Don't do that! No.86 returns.
What?
Enquire! No.86 tells him.
What's your number?
What?
Your number. What is it?
Becareful.
1,2,3,4,5,6,7,8......
Quiet.
............ 9,10,11,12,13,14,15,16?
   Such is the conversation which takes place between No.6 and citizen in the early morning of Once Upon A Time. It is perfectly evident that the citizen is afraid for anyone to enquire about him. Afraid to give even his own number away to others, and in this case, No.6. Afraid to give anything away, to say the wrong thing, that someone might be listening and over hear what he is saying.

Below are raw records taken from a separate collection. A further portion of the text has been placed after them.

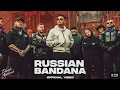 Download Lagu Dhanda Nyoliwala - Russian Bandana (Music Video)| Deepesh Goyal | VYRL Haryanvi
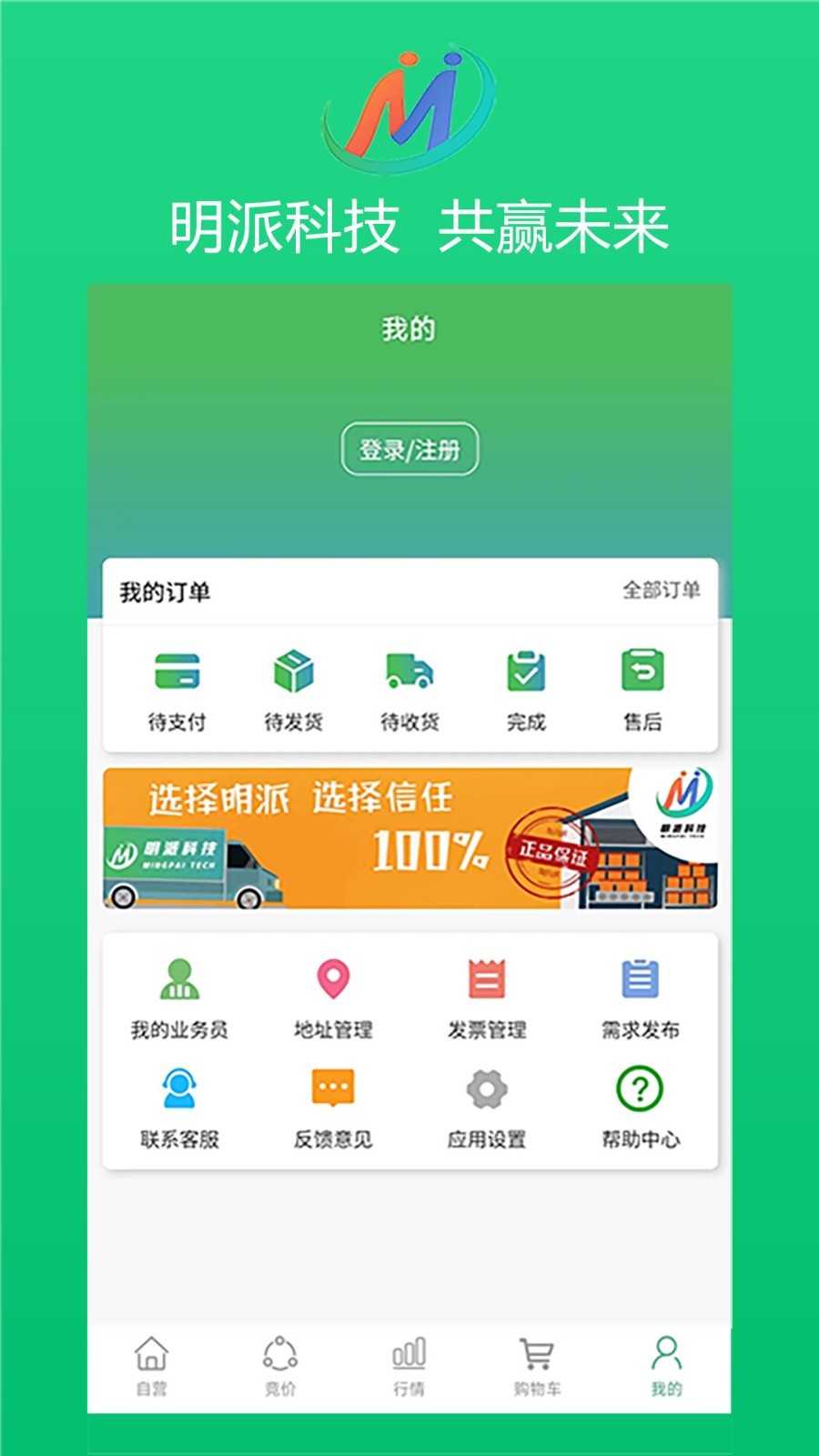 明派交易平台软件封面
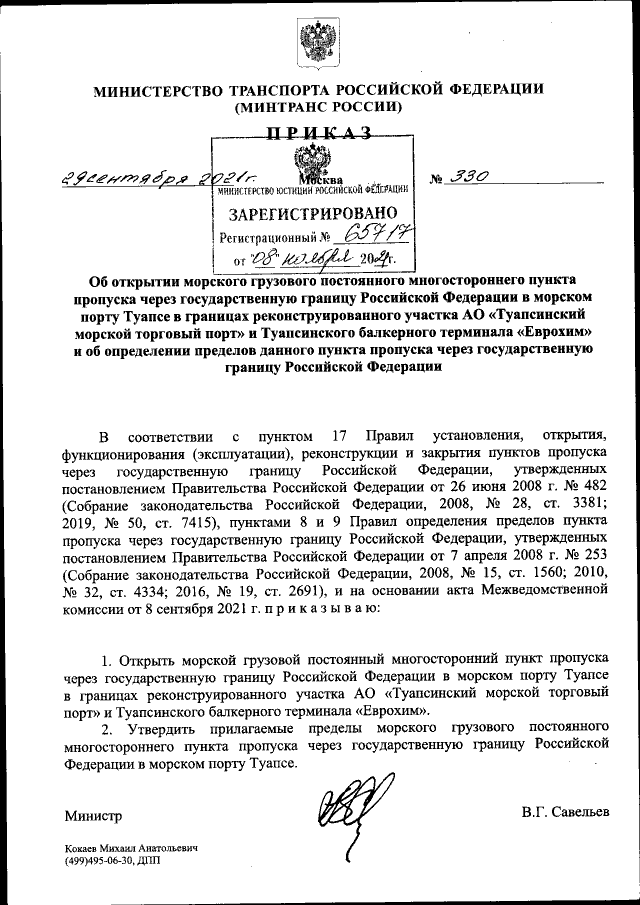 Приказ Министерства Транспорта Российской Федерации От 29.09.2021.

   This is much the same as it was in Napoleon Bonaparte's France. His was a France with a police state, with a vast network of secret police and spies. A police state where citizens were afraid to pass comment, or to express an opinion for fear of being denounced by a neighbour and taken before the Committee as was the case during the French revolution as well as in Bonaparte's time.
   In the Prisoner episode A Change of Mind there are such citizens who are quick to denounce others who speak and act not in keeping with the rules of society. In the village, citizens are denounced as being Unmutuals. And so the likes of No.'s 93 and 6, in due course of events, have to sooner rather than later face the Committee! Those who do not change their ways, or have a change of mind about their attitudes, do not face Madame Guillotine, but the process known as Instant Social Conversion.
   So really there is a marked resemblance between the village, Bonaparte's France and his view of a united Europe, together with No.2 dream of an International community. A blueprint for world order!